The move toward fully autonomous or self-driving cars seems to be inevitable. The subject is not without its vocal critics though, which means there is no shortage of opinions. Debate is continuing, hot and heavy in Texas and elsewhere.
As we noted in a post earlier, we know that there have been accidents involving self-driving test vehicles. Our focus in that post was the question of liability. While there doesn't seem to be a clear answer yet, a number of experts say they don't think the liability question will be that big of a deal for a while.
Indeed, one recent article in the Detroit Free Press reported that 84 percent of executives of major insurance companies polled said they don't think their business will see much of an impact from driverless cars until 2025.
Meanwhile, the National Transportation Safety Board recently it renewed its call to have collision avoidance systems made standard equipment on all new commercial and private vehicles. It dismisses complaints about the cost of such a strategy saying that it would prevent thousands of deaths due to driver negligence and recklessness.
And then there are more conservative transportation researchers like Steve Shladover of the University of California, Berkley, who say the reality is that fully autonomous cars are not on the horizon.
Shladover has been working on the idea of robocars for more than 40 years and he says the challenge of making them a reality is "10 orders of magnitude more complicated than (fully automated) commercial aviation." He says the hurdles in developing software that can handle lighting, weather and traffic condition variables are significant.

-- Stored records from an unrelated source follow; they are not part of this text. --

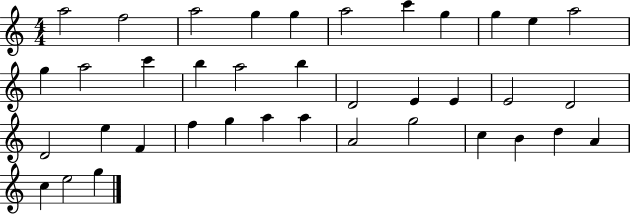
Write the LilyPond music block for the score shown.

{
  \clef treble
  \numericTimeSignature
  \time 4/4
  \key c \major
  a''2 f''2 | a''2 g''4 g''4 | a''2 c'''4 g''4 | g''4 e''4 a''2 | \break g''4 a''2 c'''4 | b''4 a''2 b''4 | d'2 e'4 e'4 | e'2 d'2 | \break d'2 e''4 f'4 | f''4 g''4 a''4 a''4 | a'2 g''2 | c''4 b'4 d''4 a'4 | \break c''4 e''2 g''4 | \bar "|."
}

In a rather blunt statement about software bugs, Shladover offers this. "The old 'blue screen of death' won't just be a figure of speech anymore. It could mean that somebody actually dies."
And a Stanford University mechanical engineering professor says human error, the cause of most accidents, isn't eliminated with computers. It's only shifted from driver to programmer -- which brings us back to the question of where liability will rest.